Real-time, nondestructive monitoring of crop nitrogen (N) status is important for precise N management in winter wheat production. Nadir viewing passive multispectral sensors have limited utility for measuring the N status of winter wheat in middle and bottom layers, and multi-angular remote sensors may instead improve detection of whole canopy physiological and biochemical parameters. Our objective was to improve the predictive accuracy and angular stability of leaf nitrogen concentration (LNC) measurement by constructing a novel Angular Insensitivity Vegetation Index (AIVI). We quantified the relationship between LNC and ground-based multi-angular hyperspectral reflectance in winter wheat (Triticum aestivum L.) across different growth stages, plant types, N rates, planting density, ecological sites and years. The optimum vegetation indices (VIs) obtained from 17 traditional indices reported in the literature were tested for their stability in estimating LNC at 13 view zenith angles (VZAs) in the solar principal plane (SPP). Overall the back-scatter direction gave improved index performance, relative to the nadir and forward-scattering direction. Red-edge VIs (e.g., mND705, GND [750,550], NDRE, RI-1dB) were highly correlated with LNC. However, the relationships strongly depended on experimental conditions, and these VIs tended to saturate at the highest LNC (4.5%).

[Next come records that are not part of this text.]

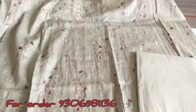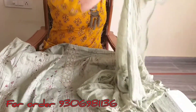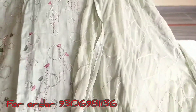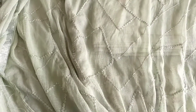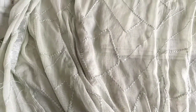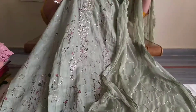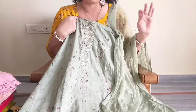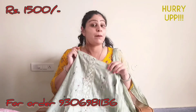This is the fabric — see how beautiful it is. It is a very beautiful pure chiffon, and with pure chiffon this is called Karachi work. With Karachi work there is sequence work, and it is a very classy look. If you are wearing this suit in the party, you will rock the party. The range is only ₹1500 — yes friends, only ₹1500 for this very beautiful pure suit.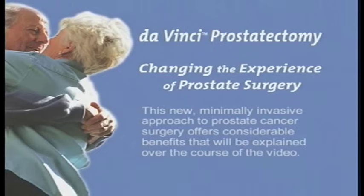This program provides an overview of the DaVinci Prostatectomy Procedure. This new, minimally invasive approach to prostate cancer surgery offers considerable benefits that will be explained over the course of the video.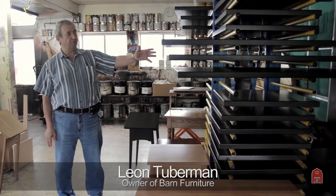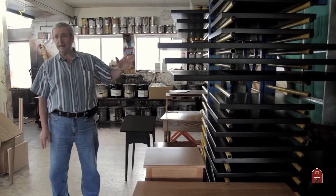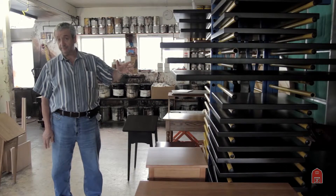These are drying racks that we use for the tabletops that we make. We always make sure that we let everything dry between the coats thoroughly, so we don't rush it, and that makes sure that the finish is up to the top specification possible.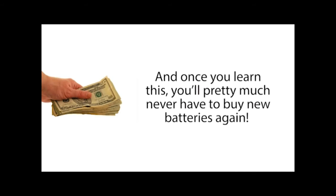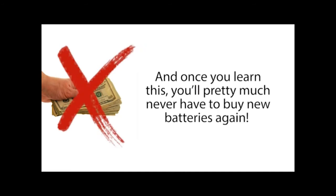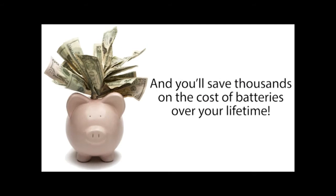It's easy to do, and you can learn how right now because there's a new video online exposing this secret method. Once you learn this, you'll pretty much never have to buy new batteries again, and you'll save thousands on the cost of batteries over your lifetime. So if you're ready to learn more, click the link below now.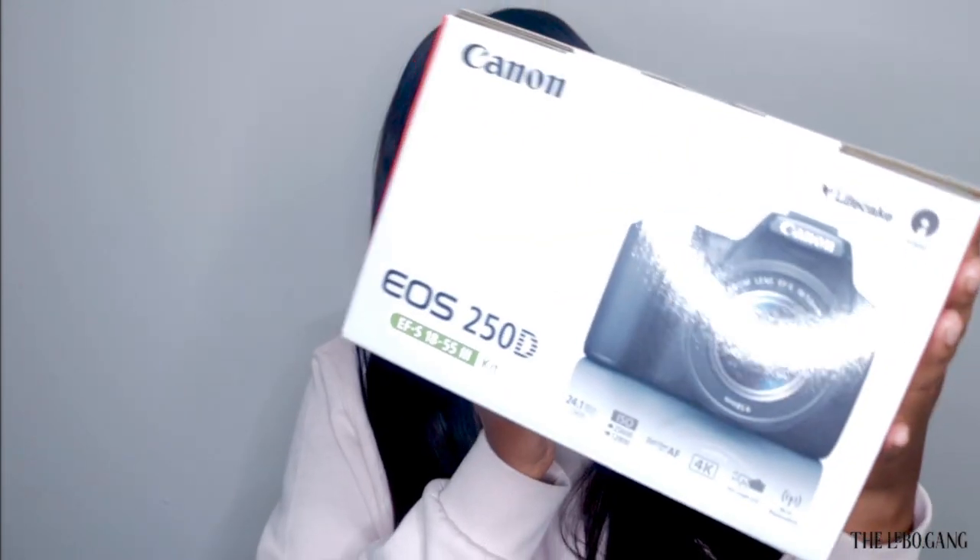I did a lot of research — I was watching YouTube videos comparing the G7X Mark III and the SL3. I actually wanted to get the SL2 because it would have been a cheaper alternative, but it was discontinued and I couldn't find it anywhere. So I looked into the Canon 250d, and based on reviews it's basically similar to the G7X Mark III — it has the same megapixels. There are a lot of technical terms in photography that I can't really get into, so today I'm just discussing where I got my camera.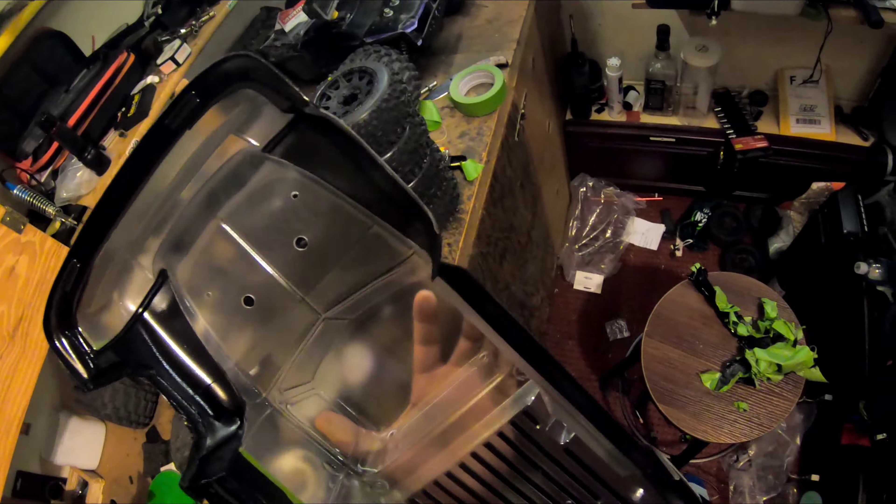Definitely going to have flaws with this basher body — all my basher bodies have flaws in the paint. That's what makes it mine. Also, I bought it. I like that. I hope y'all can see that iridescent effect there — that green and purple. Probably should have peeled this before I put the railing on.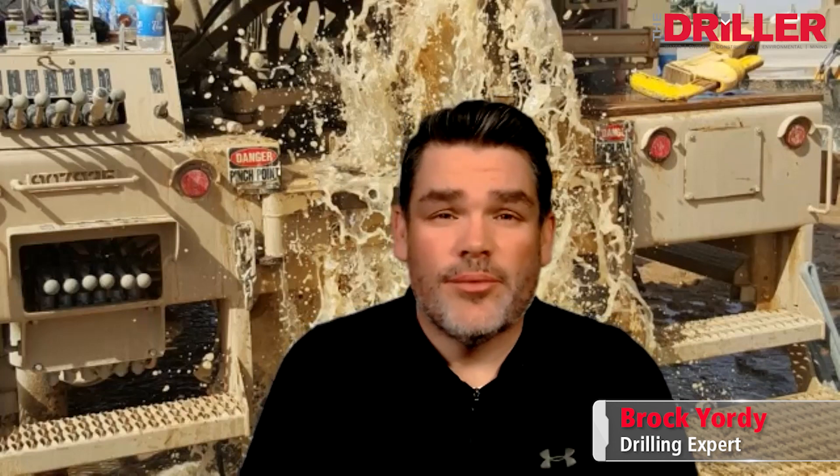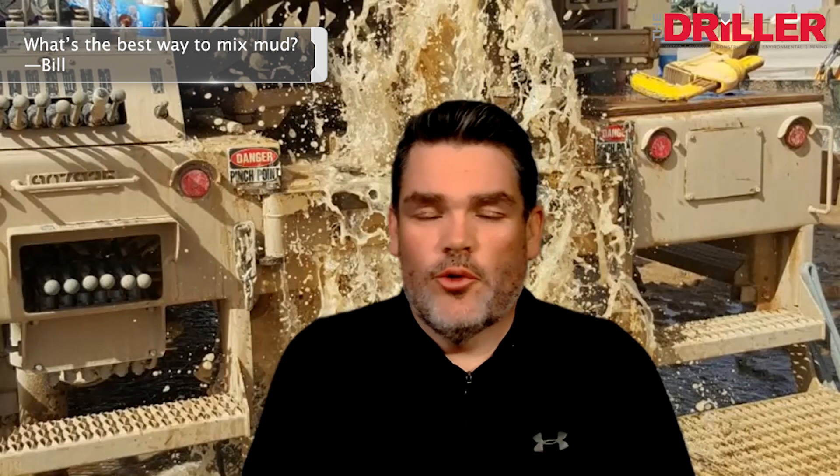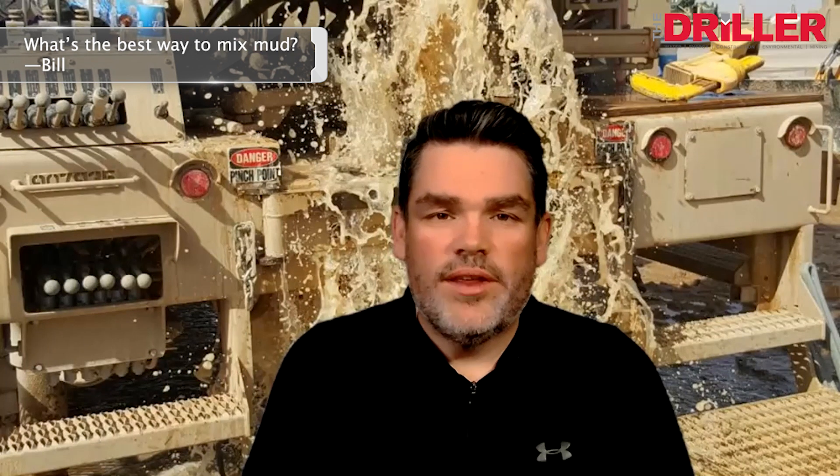Hi, this is Ask Brock. I'm Brock Yori. This week's question comes from Bill: 'Brock, what's the best way to mix mud?' Slowly. I think that's what comes to mind for almost any mud engineer out there — are we giving our fluids enough time to mix?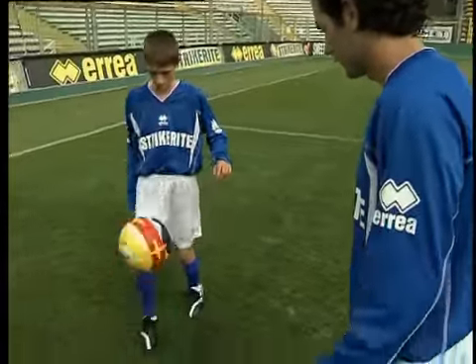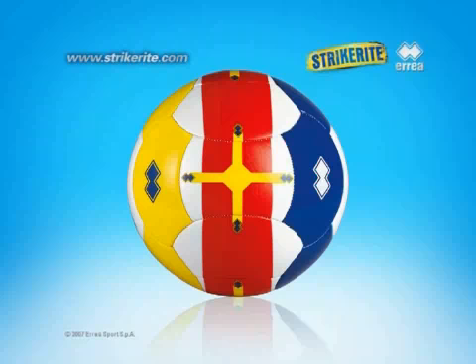Strykerite's rationale is based on a very simple idea. The front view of the ball shows a central red line with a cross indicating the exact centre of the ball. The blue half indicates the area to be kicked by the inside of the foot and the yellow half the one to be kicked by the outside of the foot.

To further overcome the influence of different experimental conditions and VZAs on VIs, we developed a novel index, Angular Insensitivity Vegetation Index (AIVI), based on red-edge, blue and green bands. Our new model showed the highest association with LNC (R2 = 0.73-0.87) compared to traditional VIs. Investigating AIVI predictive accuracy in measuring LNC across view zenith angles (VZAs) revealed that performance was the highest at − 20° and was relatively homogenous between − 10° and − 40°. This provided a united, predictive model across this wide-angle range, which enhances the possibility of N monitoring by using portable monitors. Testing of the models with independent data gave R2 of 0.84 at − 20°, and 0.83 across the range of − 10° to − 40°, respectively. These results suggest that the novel AIVI is more effective for monitoring LNC than previously reported VIs for predicting accuracy, monitoring model stability and view angle independency. More generally, our model indicates the importance of accounting for angular effects when analyzing VIs under different experimental conditions.